The last volume in Appletons' Home-Reading Series to reach us is entitled Curious Homes and their Tenants. It consists of a popular description of some of the more curious human and animal "homes." The author, James Carter Beard, disclaims any attempt to do more than attract the attention of his readers to the subject in the hope of awakening in them the desire for a more thorough acquaintance with an interesting and instructive study. As the chief function of the animal or plant seems to be the perpetuation of species, we may expect the highest and most perfect qualities and instincts to be manifested in the solution of the cares and duties of parentage. To give some idea of the scope of the book we take the following chapter headings: Cave Dwellers, Birds that build Edible Nests, Moles, Jumping Mice, Bees and Wasps as Miners, Ants at Home, Cliff-dwellers, Butterfly House, Human Nest Builders, Eskimo Homes, Human Lake-dwellers, A City of Birds. Illustrations are numerous and well chosen.

The purpose of the work Opposites of the Universe is explained by the author, Mamie Sands, as to demonstrate that the universe is a whirl of opposites, and that these opposites are eternal, "which implies that they are neither creatable nor destroyable when the whole kosmos is considered." The book is to be in six parts. The first part, now before us, is a Discourse about Immortality, in which "opposites in special" are considered. They are arranged under numerous headings, such as chemiological, astrological, electrological, etc., opposites; and the theses are enforced by citations from philosophical and other writers of all ages. (Peter Eckler, New York, publisher. Price, 50 cents.)

Mr. J. Wilson, in common with most of his human brothers, is not satisfied with the present management of "things," so he has written a book on the rights and wrongs of men, under the title Self-control, or Life without a Master. He states its aim to be the bringing of the reader to a realizing sense of the fact that "no man has a right, under any circumstances or under any conditions, to be the master of another man." He contends that under the existing order the child is a slave to his nurse, then to his parents until he is twenty-one, and from this time until his death to the state. "He does not believe in masters or governments in any form." He claims no originality for his thoughts; "he would not deny for a moment that such thoughts have come or will come to other men." And further he says: "If the reader has not full confidence in his" (the author's) "ability to discuss this question fully and fairly, and if he is not confident that the author knows just what he is saying and what he is talking about, he ought to select some other book for perusal," which is certainly fair enough. The closing paragraph of the volume contains the following prediction: "What happened in Paris in the eighteenth century is liable, I may say is certain, to happen in America some time during the twentieth." (Lemcke & Buechuer, New York.)

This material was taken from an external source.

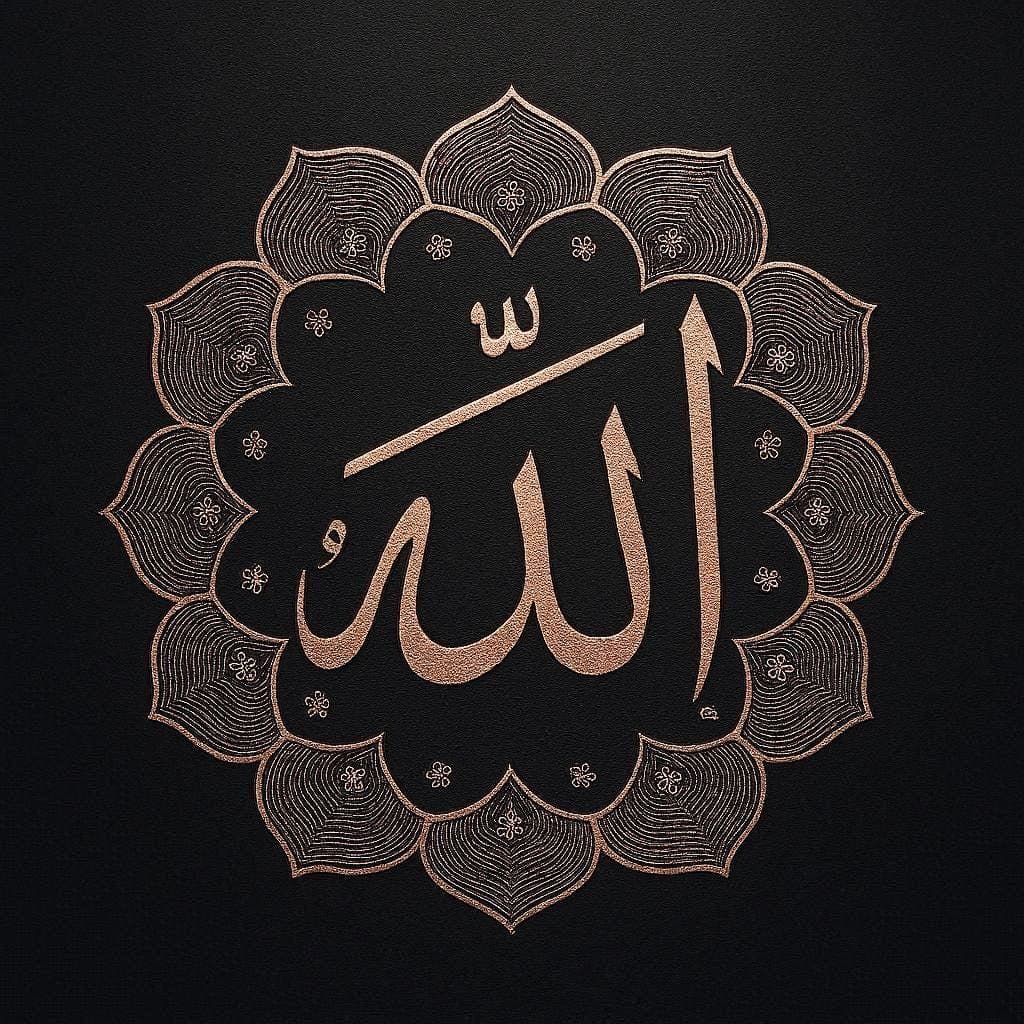 Allah Name Arabic Calligraphy Wall Art – Islamic Home Decor, Spiritual Muslim Gift, Digital Download - image 3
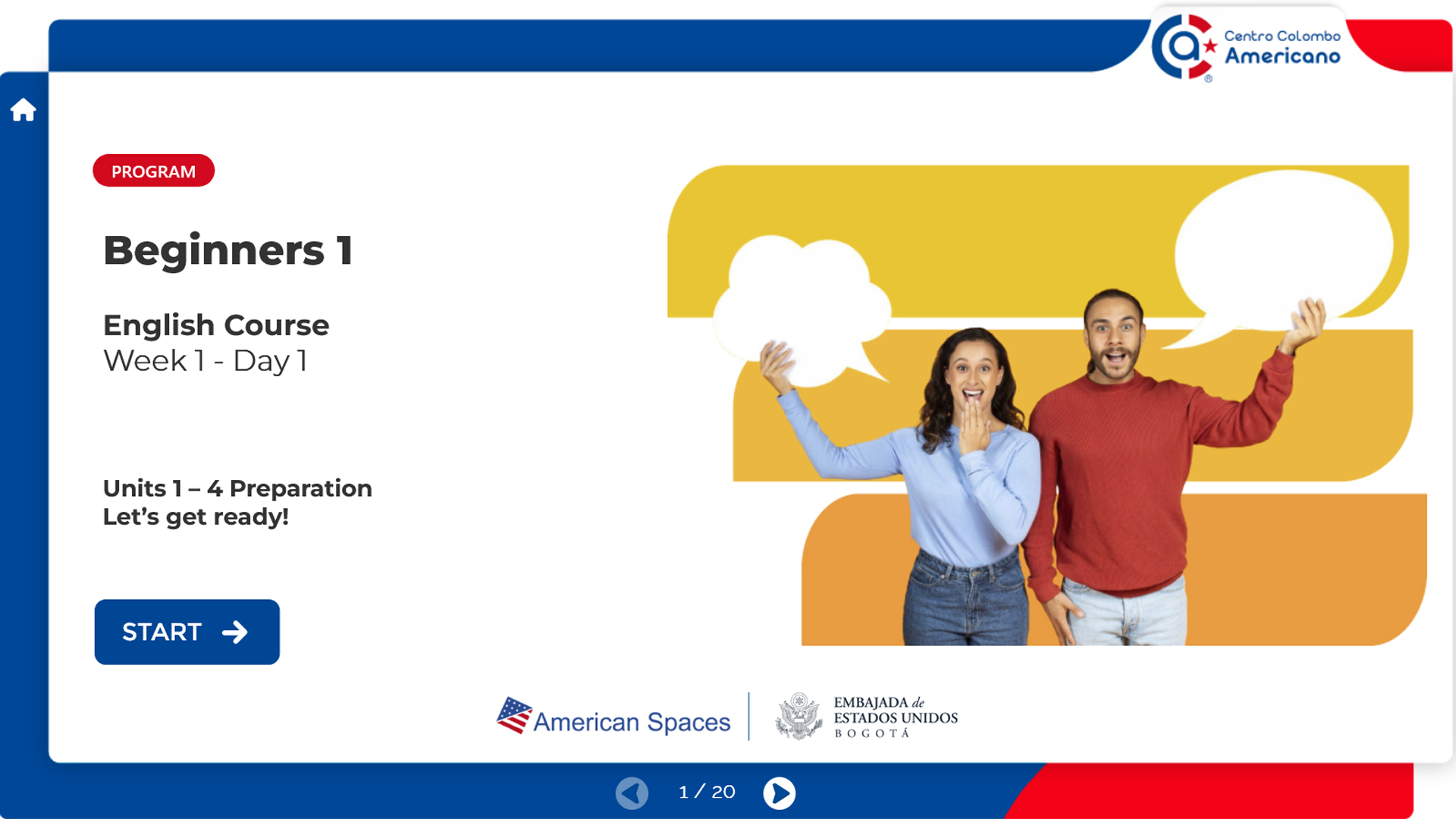 English Course - Beginners 1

We have received from C. W. Bardeen (Syracuse) A Government Class-book of the State of Michigan. It is a review of the form of State, county, city, and township government which prevails in Michigan, stating the function and powers of the various governing bodies and officials, and containing as two appendices the Constitutions of the State of Michigan and of the United States.

Not In It, by Anna Olcott Commelin, is a story intended to show the obligation under which the rich man is to aid his poorer neighbors. It recounts the history of several individuals in varying conditions of life, showing the value of well-timed aid and the great suffering which poverty entails on those who are suddenly reduced to it from comparative wealth. (Fowler & Wells, New York, 75 cents.)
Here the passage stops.